A statement of cash flows must be presented by a state or local government for which funds?

A

Proprietary funds.

A statement of cash flows is required only for proprietary funds and entities engaged in business-type activities (e.g., utilities, healthcare providers, and colleges and universities). Other fund types account for governmental activities, not business-type activities.

2
Q

Which of the following are acceptable formats for reporting comprehensive income?
I. In one continuous financial statement
II. In a statement of changes in equity
III. In a separate statement of net income
IV. In two separate but consecutive financial statements

A

I & IV only.

If an entity that presents a full set of financial statements has items of other comprehensive income (OCI), it must present comprehensive income either (1) in a single continuous statement of comprehensive income or (2) in two separate but consecutive statements (an income statement and a statement of OCI).

3
Q

The summary of significant accounting policies of a state or local government most likely should disclose

A

A unique policy followed by all governments in the industry.

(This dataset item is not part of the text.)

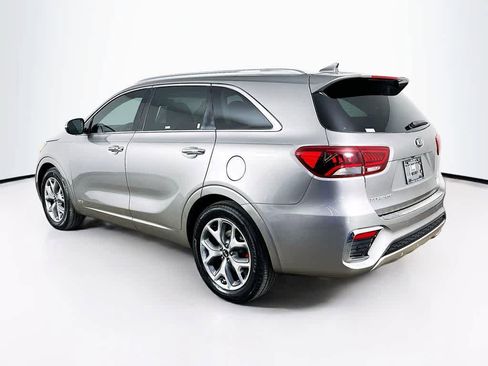 Used 2019 Kia Sorento SX image 4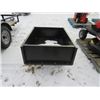 Image 3 : GARDEN TRAILER (SMALL TRAILER FOR GARDEN TRACTOR/QUADS)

Notes are an integral part of the basic financial statements. They disclose information essential to fair presentation not reported in the statements. The notes include a summary of significant accounting policies. Disclosure of significant accounting policies is required when (1) a selection has been made from existing acceptable alternatives; (2) a policy is unique to the industry in which the government operates, even if the policy is predominantly followed in that industry; and (3) GAAP have been applied in an unusual or innovative way.

4
Q

A state or local government is reported as a special-purpose government if it

A

Is engaged in one governmental program.

A special-purpose governments is a legally separate entity that is a component unit or other stand-alone government. If it has governmental and business-type activities or engages in two or more governmental programs, it should be reported as a general-purpose government. If it engages in one governmental program, it is reported as a special-purpose government. It may combine the government-wide and fund statements in a format that reconciles individual items of fund data to government-wide data in a separate column.

5
Q

On December 1, Noble Inc.’s Board of Directors declared a property dividend, payable in stock held in the Multon Company. The dividend was payable on January 5. The investment in Multon stock had an original cost of $100,000 when acquired 2 years ago. The market value of this investment was $150,000 on December 1, $175,000 on December 31, and $160,000 on January 5. The amount to be shown on Noble’s statement of financial position at December 31 as property dividends payable would be

A

$150,000.

When a property dividend is declared, the property is remeasured at its fair value as of the declaration date. This amount is then reclassified from retained earnings to property dividend payable.

6
Q

Conn Corp. owns an office building and normally charges tenants $30 per square foot per year for office space. Because the occupancy rate is low, Conn agreed to lease 10,000 square feet to Hanson Co. at $12 per square foot for the first year of a 3-year operating lease. Rent for remaining years will be at the $30 rate. Hanson moved into the building on January 1, Year 1, and paid the first year’s rent in advance. What amount of rental revenue should Conn report from Hanson in its income statement for the year ended September 30, Year 1?

A

$180,000.

In an operating lease, when payments differ from year to year, revenue is recognized by allocating the total amount of revenue to be received evenly over the lease term. At 9/30/Year 1, the amount of revenue to be recognized is for 9 months. Thus, rent revenue is $180,000 {[$10,000 square feet × ($12 + $30 + $30)] × (9 ÷ 36)}.

7
Q

Day Corp. holds 10,000 shares of its $10 par value common stock as treasury stock reacquired in Year 2 for $120,000. On December 12, Year 4, Day reissued all 10,000 shares for $190,000. Under the cost method of accounting for treasury stock, the reissuance resulted in a credit to

A

Additional paid-in capital of $70,000.

When treasury stock accounted for under the cost method is acquired, the treasury stock account is debited for the amount of the purchase price. If it is subsequently reissued for a price greater than its carrying amount, the excess is credited to additional paid-in capital. For this transaction, the excess is $70,000 ($190,000 – $120,000).

8
Q

A purchased patent has a remaining legal life of 15 years. It should be

A

Amortized over its useful life if less than 15 years.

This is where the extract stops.